Vancouver Island was where voters rejected the B.C. Liberals in favour of the NDP and Greens in the largest proportions. However, the B.C. Liberals had only one seat there going into Saturday's vote — Parksville-Qualicum, which they lost to the NDP — so the effect on the overall result wasn't significant.

Where the shift away from the Liberals did make a difference to the seat count was the Fraser Valley, where the NDP saw a 54-per-cent increase and the Liberals saw a 69-per-cent drop. The orange wave swept over both Langley and both Chilliwack ridings. North of the Fraser, the NDP also won both battleground Maple Ridge ridings.

Here's a look at where each party gained and lost ground on Saturday.

The B.C. NDP

Outside the Fraser Valley, the NDP also made significant inroads in the Interior, which resulted in the riding of Boundary-Similkameen flipping from red to orange. They held on to key ridings in the Tri-Cities and won Coquitlam-Burke Mountain from the Liberals.

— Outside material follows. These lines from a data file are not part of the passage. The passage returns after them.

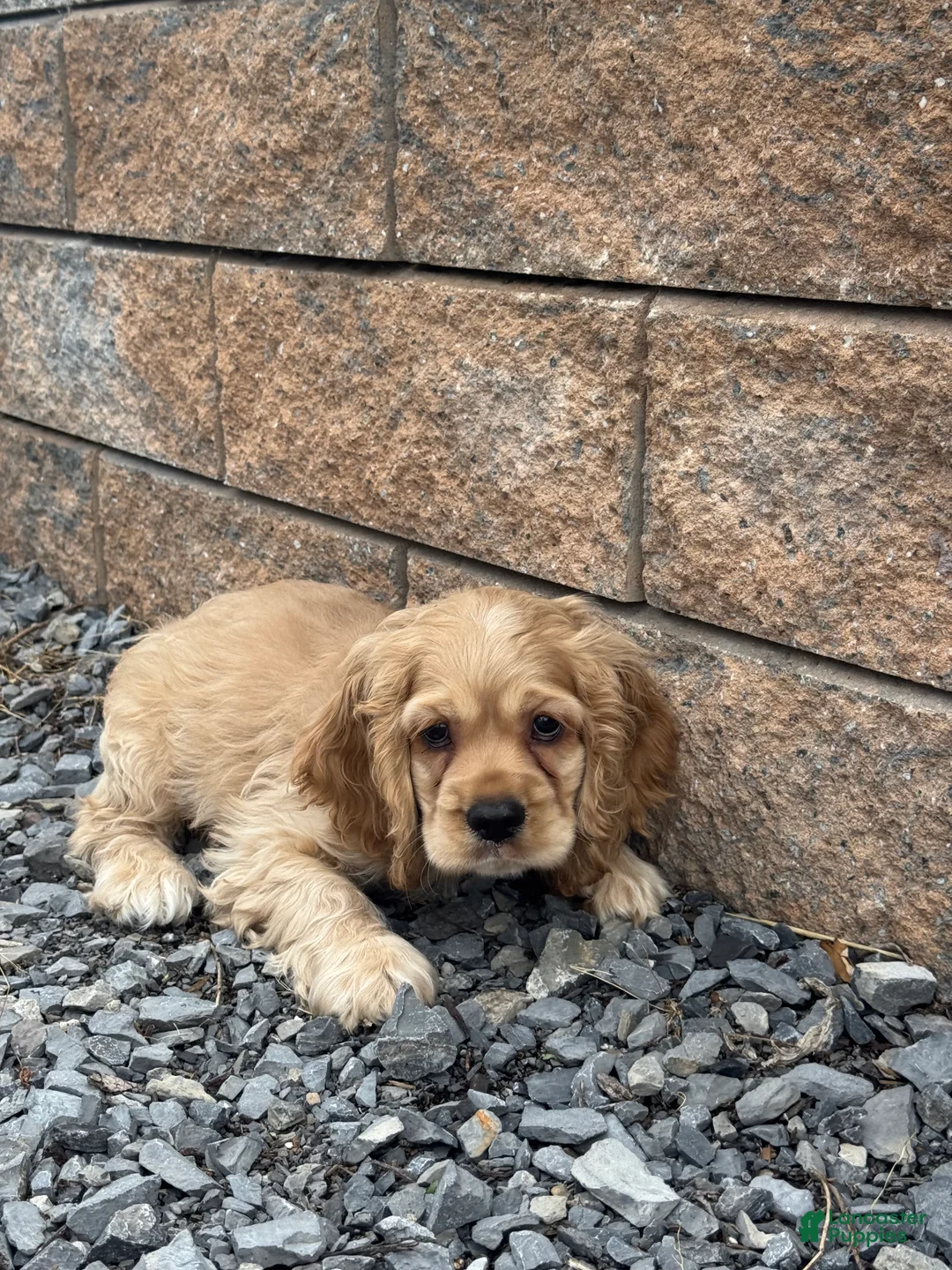 Cocker Spaniel dogs for sale: Chief  - Ad 2
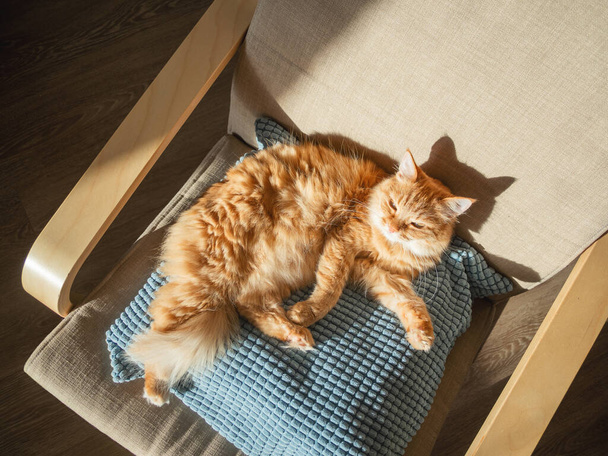 Top view on cute ginger cat lying on pillow. Fluffy pet is sleeping on chair. Cozy home lit with sun.  - Photo, image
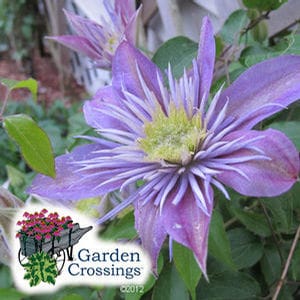 Clematis Crystal Fountain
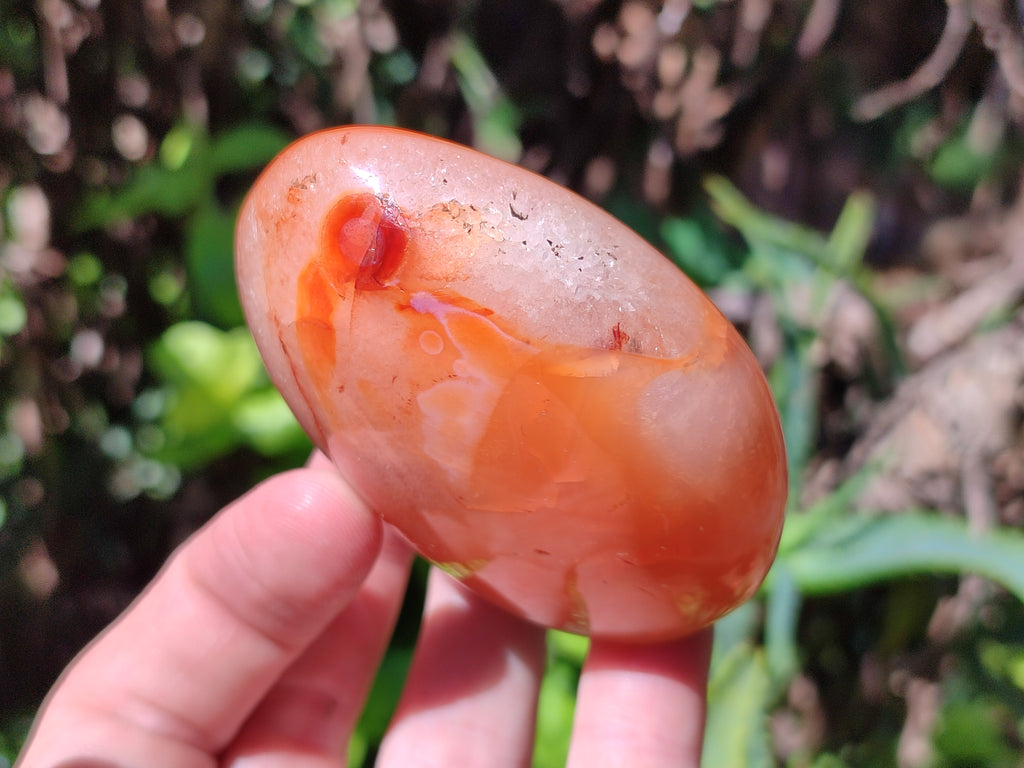 Polished Carnelian Standing Free Forms x 6 From Madagascar - Toprock Gemstones and Minerals 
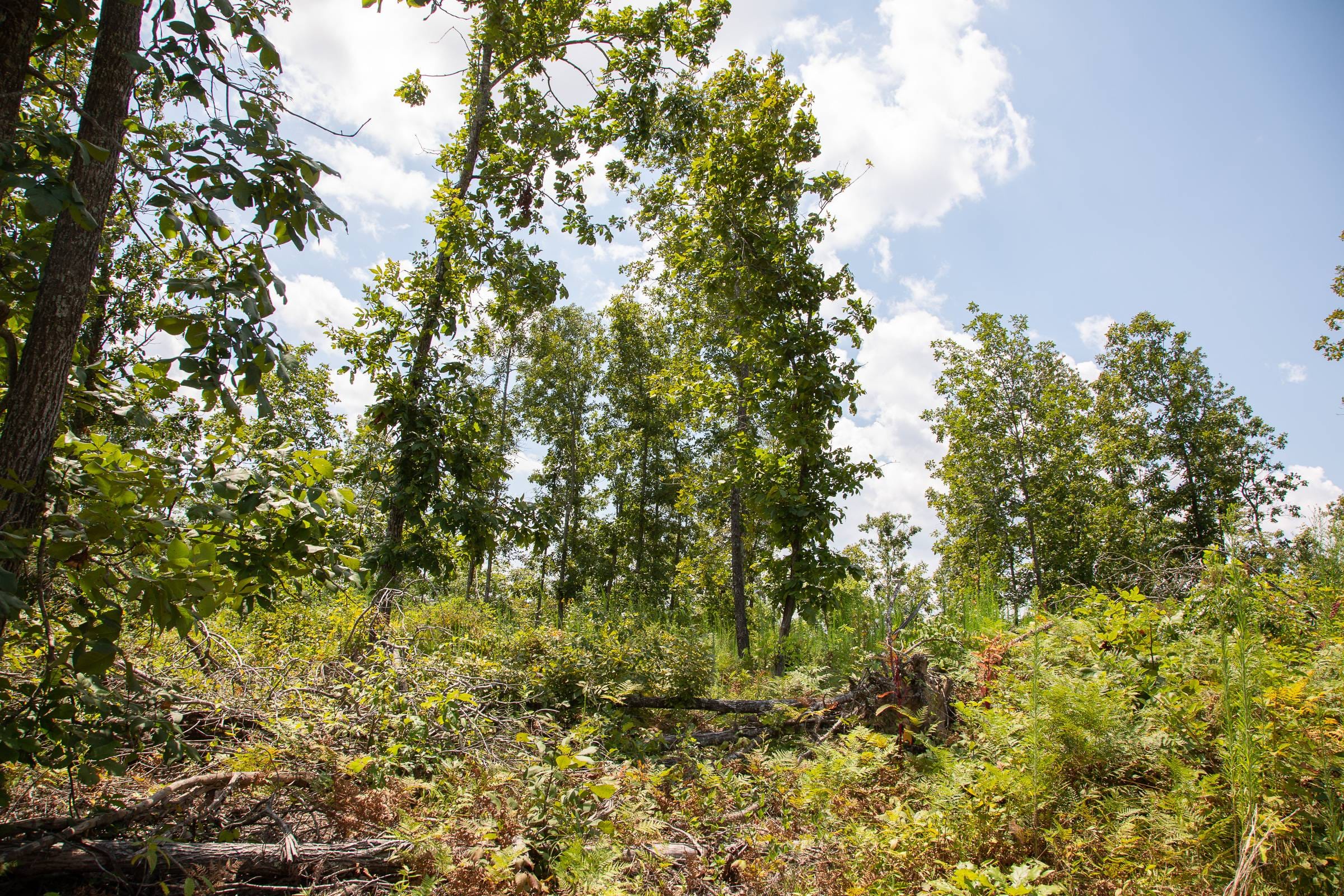 Borgmann’s Hollow Phase I Tract 15 photo 6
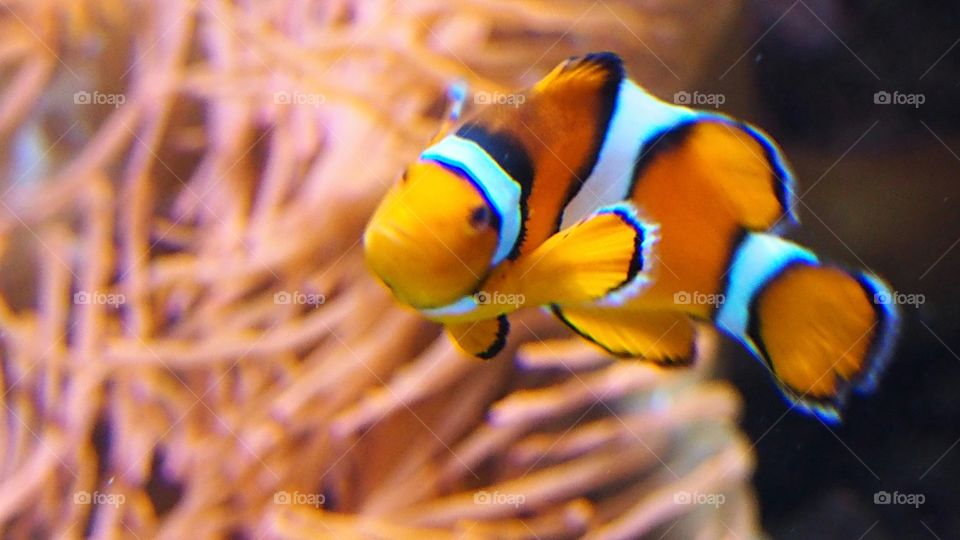 Clown fish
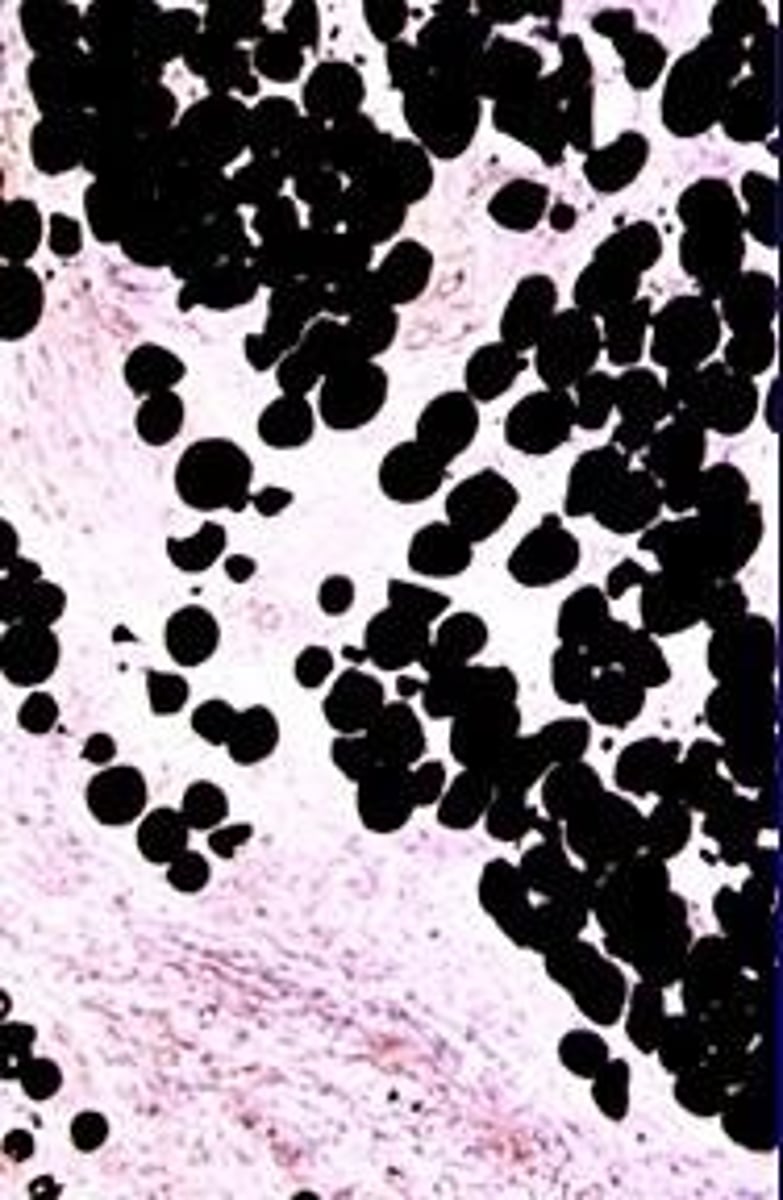 <p>Cells rich in lipids, stained by Sudan black.</p>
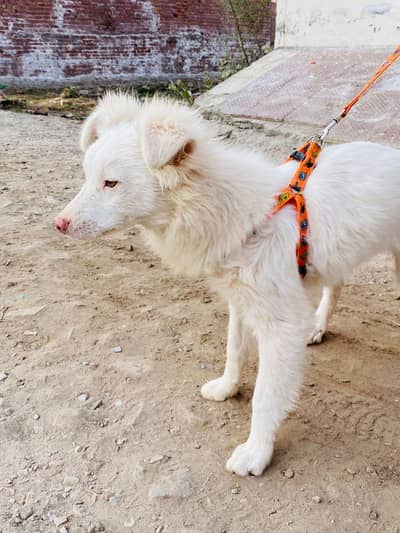 Russian Male puppy pink nose imported breed full vaccinated for sale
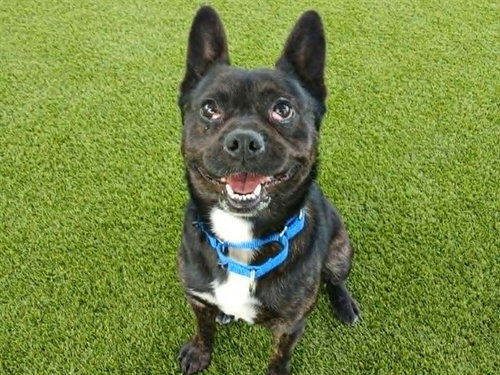 picture of the dog needing adoption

The NDP also pulled off historic wins in three Richmond ridings, but in two of them the margins are so close — just 124 votes in Richmond South Centre — that mail-in ballots could easily flip them back to the Liberals.

The riding that shifted the most in the whole province was Oak Bay-Gordon Head, which voted overwhelmingly for former B.C. Green leader Andrew Weaver in 2017. The NDP didn't win a single polling station there in 2017, but former MP Murray Rankin won the riding decisively for the party on Saturday.

There were places where the NDP lost vote share on Saturday. Three were northern ridings where the party was not competitive.

MIke McArthur/CBC
MIke McArthur/CBC

But one was David Eby's riding of Vancouver-Point Grey. The NDP still easily carried the riding, but did so despite an eight-per-cent drop in vote share from 2017. These votes appear to have gone to the B.C. Greens, who showed an eight-per-cent increase there.

The B.C. Liberals

Saturday was a terrible night by any measure for the B.C. Liberals, who lost vote share in every region of the province compared with 2017.

The Liberals' most electorally significant losses were in the Fraser Valley.

But the riding where the Liberals lost the most vote share was a riding they won: Peace River South. This was due to a strong showing by B.C. Conservative candidate Kathleen Connolly, who placed second, and because former Liberal cabinet minister Mike Bernier won a landslide victory there in 2017.

There were a few bright spots for the Liberals on Saturday. The party increased their vote share over 2017 in both South Surrey and South Delta. They also showed a 12-per-cent increase in the riding of Surrey-Green Timbers, but it wasn't enough to defeat the NDP.

The B.C. Greens

It can unequivocally be said that the B.C. NDP had a good night on Saturday and the B.C. Liberals had a bad one.

But for the B.C. Greens, the results were more ambiguous.

Darry Dyck/The Canadian Press
Darry Dyck/The Canadian Press

The party held on with three seats in the legislature and can celebrate a breakthrough win on the Lower Mainland in the riding of West Vancouver-Sea to Sky.

Support for the party on the Sunshine Coast was also up 10 per cent over 2017.

But in Metro Vancouver, the results for the Greens were mixed. They made some gains in the City of Vancouver, most notably in Vancouver-Point Grey and Mount Pleasant, but lost vote share in the suburbs around Vancouver.

The riding where the Greens took the biggest hit was Oak Bay-Gordon Head, which they lost to the NDP.